En la primera década del siglo XXI Streep conseguirá desbancar a Katharine Hepburn con sus imbatibles 13 nominaciones a los Oscar. Aunque este hecho se lo deba a Adaptation, el vuelco en las taquillas lo conseguirá con su siguiente película, la celebrada El diablo viste de Prada (2006, David Frankel), en la que interpreta a Miranda Priestly (o mejor dicho, Anna Wintour, buque insignia de Vogue), la insufrible directora de una publicación de moda que saca de sus casillas –y de su aletargamiento- a su nueva redactora (Anne Hathaway).
Pocos años después y muchas canciones de ABBA mediante, Meryl Streep volvió a reinventarse a sí misma interpretando el papel de Donna en Mamma Mía! filme de Phillyda Lloyd en el que no sólo se pone de manifiesto la polivalencia de Streep, sino sus dotes musicales y amorosas, consiguiendo conquistar de un solo golpe de voz a Pierce Brosnan, Colin Firth y Stellan Skarsgård. Tras semejante proeza, nadie pensaba que Streep pudiera llamar la atención con un nuevo giro de tuerca a sus registros interpretativos. Craso error. Con La duda (Doubt, 2008, John Patrick Shanley), Streep alcanzaría las 23 nominaciones a los Globos de Oro, superando las veintidós de Jack Lemmon. Todavía en 2009 la actriz volvería a impresionar a la audiencia presentando su culinaria (y no por ello alimenticia) interpretación de Julia Child, una reputada chef cuyo libro de cocina inspiró a Julie Powell (Amy Adams) para preparar sus 524 recetas. Su actuación de desgarbadísima mujer volvió a unirle con Stanley Tucci, al tiempo que volvió a otorgarle una nueva nominación a los Oscar, que ya alcanzaban las dieciséis.
La dama de Hierro. Derechos reservados a su distribuidores y/o productores
Cuatro años después de su Premio Donostia (2008), Streep acepta a regañadientes el papel que, pese a todo, la catapultaría como inexpugnable, si es que no lo era ya antes de convertirse en La dama de hierro. Reencontrada con Lloyd, en ella Streep recrea los diecisiete días previos a la guerra de las Malvinas, consiguiendo con ella su decimoséptima nominación a los Oscar.

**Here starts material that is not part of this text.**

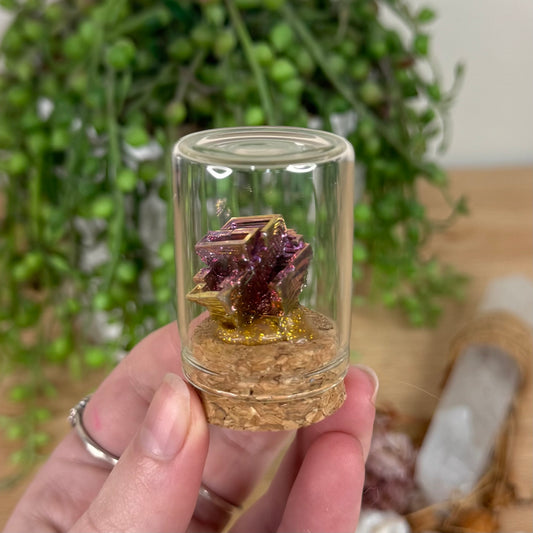 Bismuth In Jar (S654)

Si a este palmarés le añadimos dos Emmy, dos Premios del Sindicato de Actores, sus cinco nominaciones a los Grammy y dos a los BAFTA, concluimos que Meryl Streep es una mujer de armas tomar.

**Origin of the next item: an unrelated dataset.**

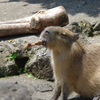 カピバラ
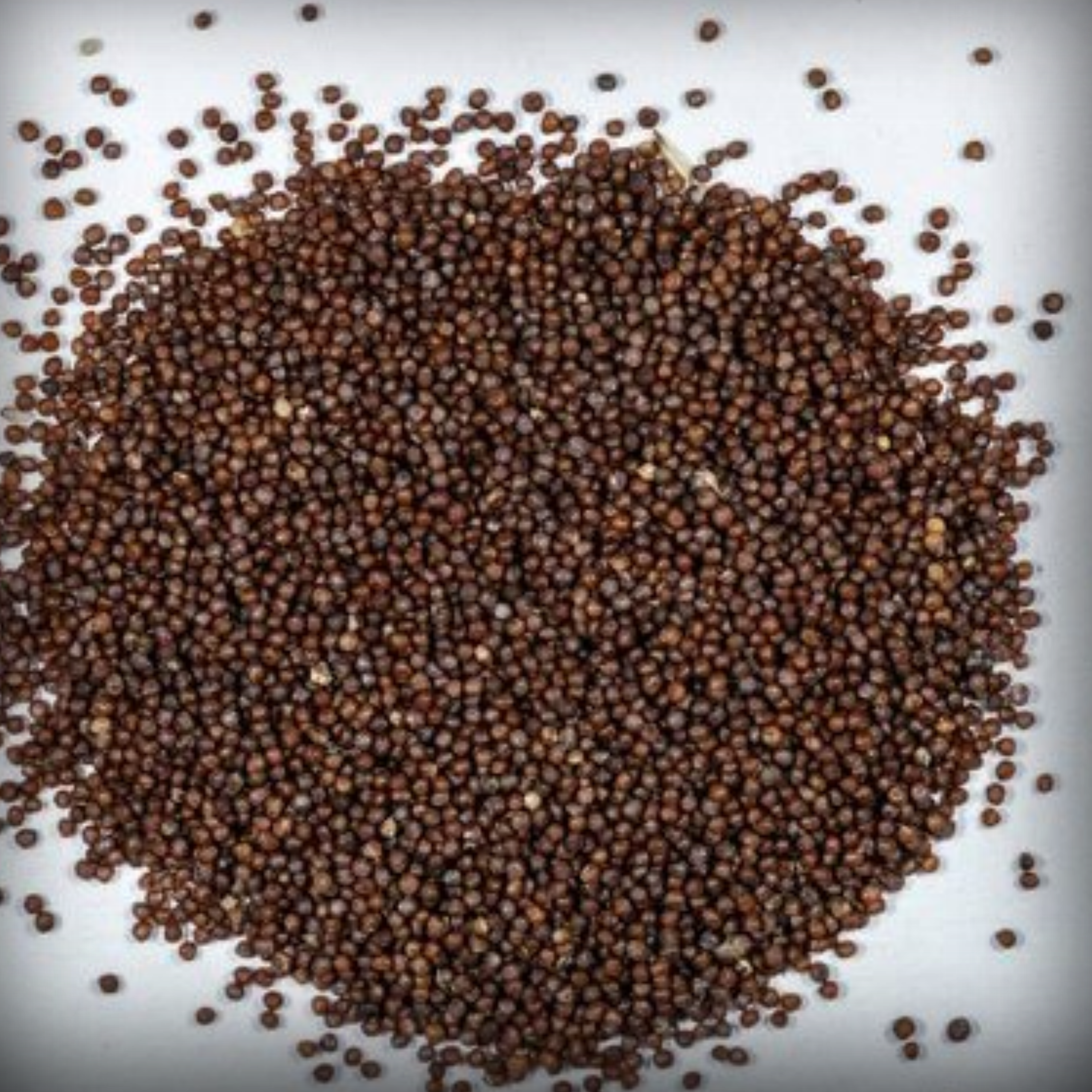 Petunia Seeds - 50 Seeds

Es de recibo reseñar ante la celebración del Día de la Mujer, que Meryl Streep es la única artista que ha sido nombrada miembro de la Academia de las Artes y de las Letras estadounidense, tan sólo por sus méritos laborales, un hecho que no puede pasar desapercibido para quienes siguen pensando que los términos “mujer” y “trabajo” son vocablos unidos por la anécdota, por el mero azar.
Resulta inadmisible hablar de mujeres trabajadoras porque ellas lo han sido siempre, desde que el mundo es mundo y los humanos, humanos. Dedicarle un día a la mujer trabajadora resulta a la luz de tanta hipocresía, una mofa, puro agravio. A sus sesenta y dos años Meryl Streep ha venido a demostrarnos, paso a paso, que la excepcionalidad no se encuentra en la mujer que trabaja, sino en la sociedad que repara en ella. Mientras el reconocimiento llega a todas las cotas de esta aldea global, resulta reconfortante contar con una embajadora semejante, esta grandiosa representante.
Es la primera vez pero no la última, en que la Primera ministra destierra a la comparsa. Quizá sea éste el inicio del fin de la Primera dama.